Personal information
- Full name: Stevan Jovetić
- Date of birth: 2 November 1989 (age 36)
- Place of birth: Titograd, SR Montenegro, SFR Yugoslavia
- Height: 1.83 m (6 ft 0 in)
- Position: Striker

Team information
- Current team: AEL Limassol
- Number: 9

Youth career
- 0000–2004: Mladost Podgorica
- 2004–2006: Partizan

Senior career*
- Years: Team / Apps / (Gls)
- 2006–2008: Partizan / 51 / (23)
- 2008–2013: Fiorentina / 116 / (35)
- 2013–2016: Manchester City / 30 / (8)
- 2015–2016: → Inter Milan (loan) / 26 / (6)
- 2016–2017: Inter Milan / 5 / (0)
- 2017: → Sevilla (loan) / 21 / (6)
- 2017–2021: Monaco / 61 / (18)
- 2021–2023: Hertha BSC / 35 / (10)
- 2023–2024: Olympiacos / 21 / (6)
- 2024–2026: Omonia / 51 / (11)
- 2026–: AEL Limassol / 4 / (0)

International career^{‡}
- 2005–2006: Serbia and Montenegro U17 / 9 / (3)
- 2007: Montenegro U19 / 2 / (1)
- 2007–2010: Montenegro U21 / 7 / (2)
- 2007–: Montenegro / 92 / (37)

= Stevan Jovetić =

Montenegrin footballer (born 1989)

Stevan Jovetić (Стеван Јоветић, /sh/; born 2 November 1989) is a Montenegrin professional footballer who plays as a striker for Cypriot First Division club AEL Limassol and captains the Montenegro national team.

Jovetić's primary position is a second striker, although he can also operate as an attacking midfielder or a winger. He is known for his dribbling, technical ability, and creativity, and his playing style has led to comparisons with Roberto Baggio.

Jovetić began his career with FK Partizan, winning the double of Serbian Superliga, and Serbian Cup in 2008, then joined ACF Fiorentina for an approximate €10.8 million. In five seasons at the Italian club, he scored 40 times in 134 matches, prompting an approximate €26.7 million transfer to Manchester City. In his first season in England, he won the League Cup and the Premier League. He subsequently returned to Italy to play for Inter Milan in 2015, and also had a loan spell in Spain with Sevilla in 2017, before joining Ligue 1 club Monaco later that year.

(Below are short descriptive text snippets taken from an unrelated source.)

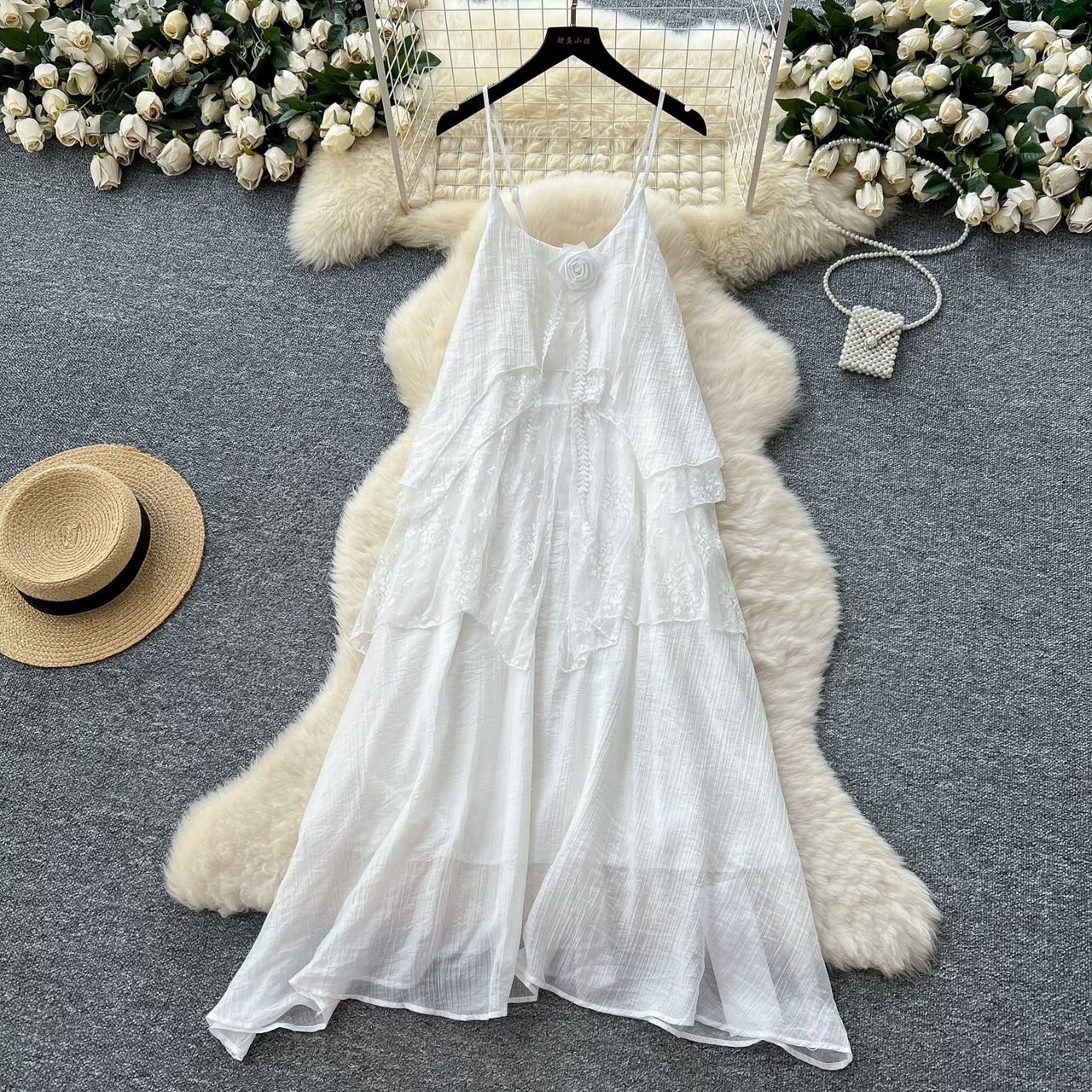 Perfect vacay dress CD1670 image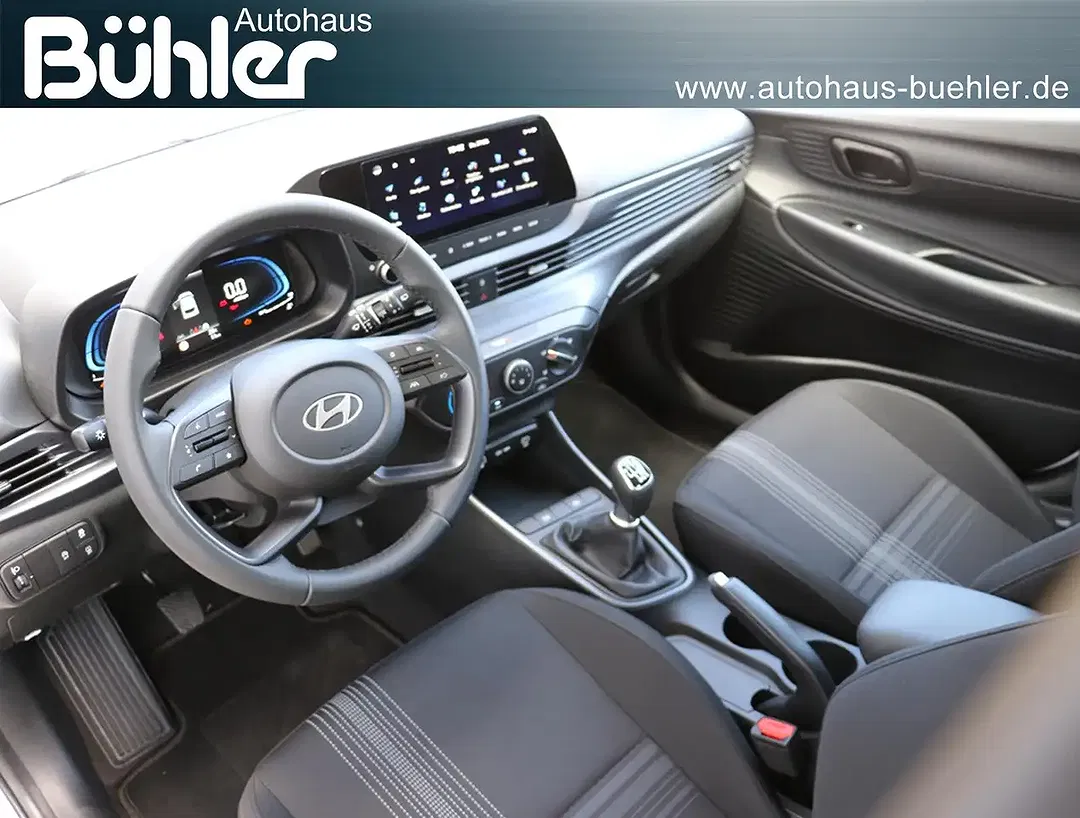 Hyundai i20 1.0 T-GDI Select - Thumbnail 2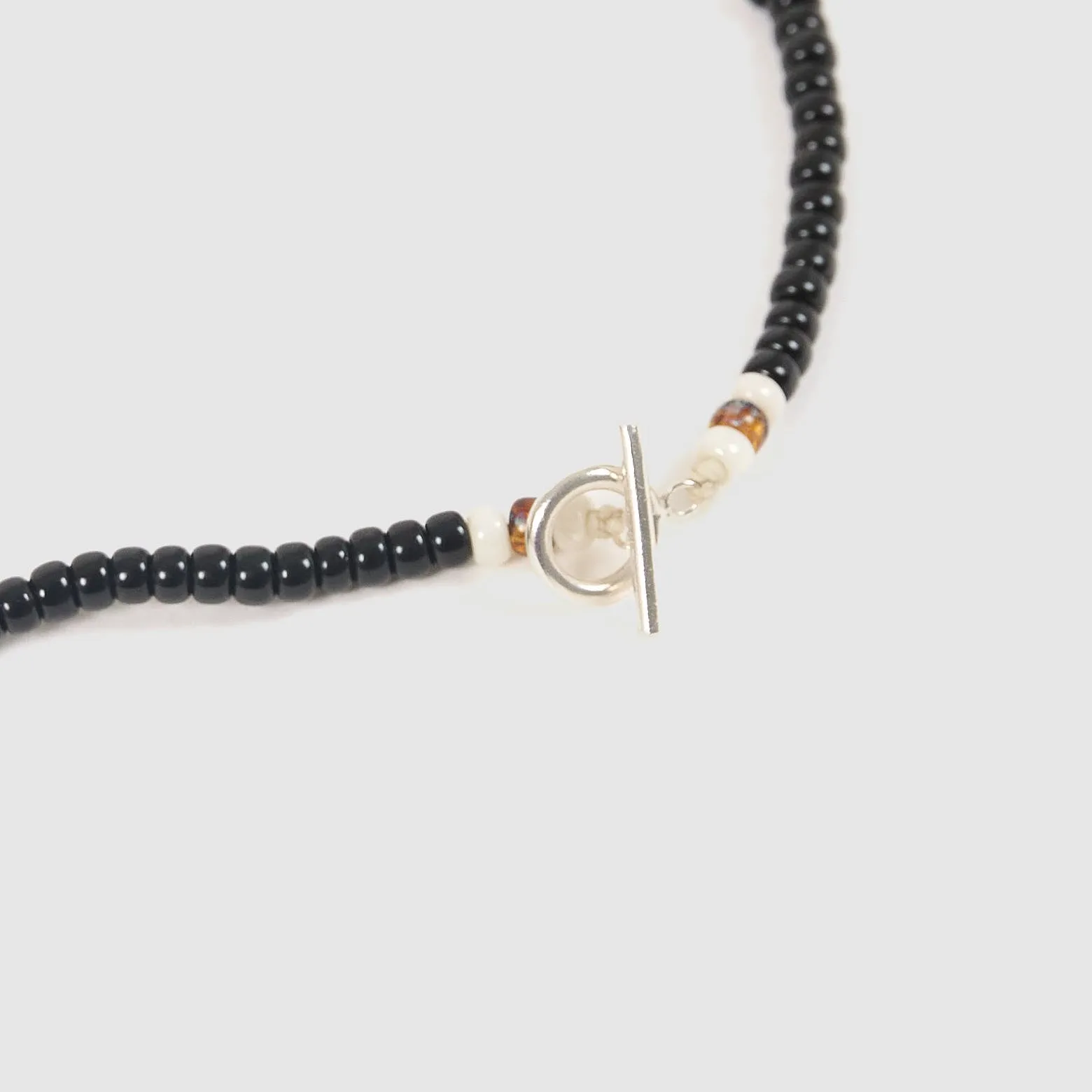 Kobashi Studio 4mm Beads Necklace sold by DeeCee style product image thumbnail 2
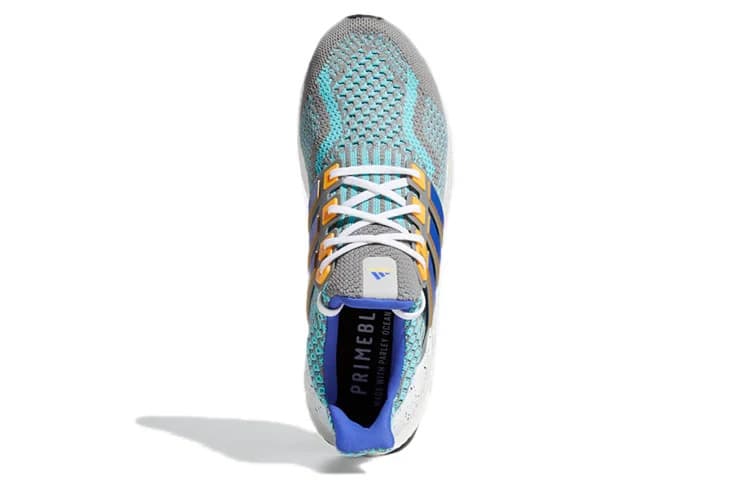 Adidas Ultraboost 5.0 DNA Grey Sonic Ink GV7715 Men Size 9 - Thumbnail 7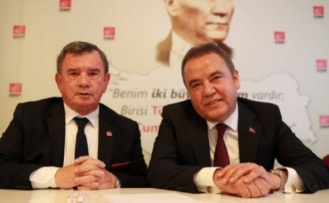 Muhittin Böcek haftaya Alanya’da
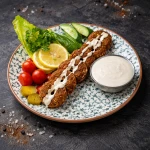 Falafel Tabağı (6 Adet)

Jovetić is a Montenegro international, having previously represented his team at under-21 level. He made his senior international debut in 2007, in Montenegro's first international football match as an independent country. With 37 goals, he is Montenegro's all-time top goalscorer.

Jovetić is recognized as the second footballer to score at least a single goal in all of the "Big Five" leagues. He is one of the four professional football players (alongside Florin Răducioiu, Christian Poulsen, and Justin Kluivert) to have played in all of the top five European leagues. Jovetić is also known for his fair play, having never received a straight red card.

==Club career==
Jovetic made his first football steps at Mladost Podgorica. He played for them until 2004 when he joined FK Partizan.

===Partizan===
On 9 April 2006, at the age of 16, Jovetić made his senior debut for FK Partizan under head coach Jürgen Röber during a league match against FK Voždovac.

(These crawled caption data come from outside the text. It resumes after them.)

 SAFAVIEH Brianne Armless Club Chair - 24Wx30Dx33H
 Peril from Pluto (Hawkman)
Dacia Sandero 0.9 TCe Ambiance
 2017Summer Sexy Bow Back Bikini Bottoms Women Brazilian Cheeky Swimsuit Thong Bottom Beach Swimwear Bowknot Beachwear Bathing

He scored three goals during a UEFA Cup qualifying game against Zrinjski on 2 August 2007, in a 5–0 victory for Partizan, recording his first career hat-trick at only 17 years old. He became Partizan's club captain aged 17 years, 10 months and 21 days in January 2008, after former captain Antonio Rukavina was sold to German Bundesliga side Borussia Dortmund. This made him Partizan's youngest captain ever, surpassing Albert Nađ, who became captain at age 19. Jovetić held the record until 31 October 2012 when he was surpassed by Nikola Ninković.

===Fiorentina===
On 10 May 2008, Serie A club Fiorentina signed him for a fee of approx. €10.8 million. He scored his first goal for La Viola in the league match against Atalanta from the penalty spot on 5 April 2009.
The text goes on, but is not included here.